A imprensa na época divulgou massivamente esse episódio. Na edição de número 264 de 5 de outubro de 1907 da célebre revista carioca O Malho, traz uma interessante charge mostrando o bandoleiro vestido com uma pele de "tigre" e "lanças", "negociando" com um diretor inglês da Great Western, charge esta que destacaremos mais adiante.
Uma pergunta ainda paira depois de mais de 100 anos desse episódio, será que a companhia pagou os tais 30 contos de réis exigidos do bandoleiro, ou ficou apenas na ameaça ?. 
Este "conflito" com a Great Western só terminaria anos mais tarde, com a captura do famoso bandoleiro no dia 24 de novembro de 1914, quando Antonio Silvino é ferido e preso, em Lagoa da Laje - Pernambuco, na fazenda de Joaquim Pedro, pelo alferes Theophanes Ferraz Torres, comandante de uma das forças volantes. Naquele tiroteio muitos cangaceiros morreram e poucos conseguiram fugir.
Nesse tiroteio uma bala de fuzil atravessou o pulmão direito de Antonio Silvino, indo sair na região subaxilar. Mesmo ferido, conseguiu chegar à residência de um amigo e se entregou à polícia. 
Foi transportado em um trem especial da Great Western, a partir da estação de Caruaru até  Recife, onde uma multidão o aguardava, querendo ver, de perto, o famoso cangaceiro. 
Antônio Silvino passou 23 anos, 2 meses e 18 dias da sua prisão, e no dia  19 de fevereiro de 1937, foi libertado, quando recebeu o indulto do Presidente Getúlio Vargas
Levando uma vida normal, vivia numa casa modesta, com a prima Teodulina Alves Cavalcanti que morava com o esposo. Morreu 7 anos depois da sua libertação, aos 69 anos de idade, na Rua Arrojado Lisboa, em Campina Grande, por volta das 19:00 horas daquele frio 28 de julho de 1944.
Essa com certeza é uma das passagens mais intrigantes da história do cangaço em todo território paraibano. Fica aqui uma lembrança desse fato pitoresco.  

Fontes: 
A Província - 03 de março de 1904. 
A Província - 10 de novembro de 1914. 
A Província - 27 de novembro de 1906. 
A Gretoeste - A História da Rede Ferroviária Great Western of Brazil, William Edmundson. Editora Ideia, João Pessoa, 2016.
Bismarck Martins de Oliveira – O Cangaceirismo no Nordeste – 2ª ed. – João Pessoa – 2002.

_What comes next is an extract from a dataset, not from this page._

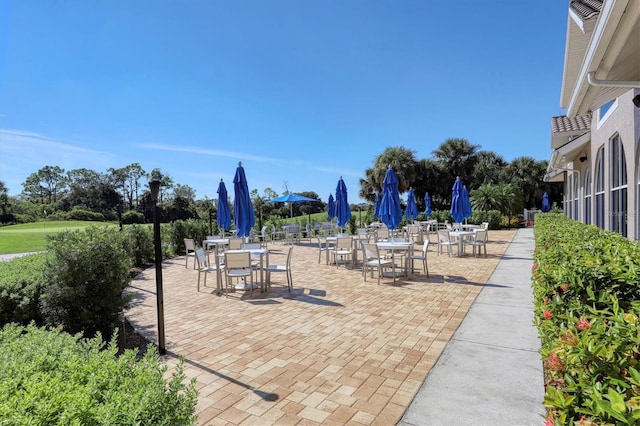 8755 Olde Hickory Ave Unit 7105, Sarasota, FL 34238 - view of home's community featuring outdoor dining area and a patio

Montagem gráfica mostrando o conflito entre o cangaceiro Antônio Silvino com a Great Western. OBS: a logo ao lado não se refere especificamente a logomarca da GWBR, esta era uma das placas localizadas ao lado dos carros de passageiros da companhia.

Interessante charge onde mostra uma "negociação" entre o famoso bandoleiro e um diretor da companhia inglesa. Notar o "manto de pele de tigre" e "lanças", aludindo ao grupo de Antônio Silvino. 
Fonte: Revista O Malho de 5 de outubro de 1907. OBS: O referido volume saiu três dias depois da inauguração do ramal Itabaiana - Campina Grande.

Interessante charge da "Fera Dominada e Presa". Fera esta o cangaceiro Antônio Silvino. Fonte: O Malho n°640 de 19 de dezembro de 1914. 

O bandoleiro fotografado durante sua pena na Penitenciária do Recife. Fonte: Eu Sei Tudo, março de 1924.  

Casa de Teodulina Alves Cavalcanti, prima do bandoleiro. Foi aqui nesta humilde residência localizada na Rua Arrojado Lisboa, que no dia 28 de julho de 1944 faleceu Antônio Silvino. Fonte: http://cgretalhos.blogspot.com/2018/01/o-cangaceiro-antonio-silvino-viveu-e.html#.Xx8egFVKjIV

Capa do livro do amigo William "Eddie" Edmundson, onde conta a história da Great Western of Brazil Railway em quatro estados nordestinos, além da história contata acima envolvendo o bandoleiro e a companhia inglesa.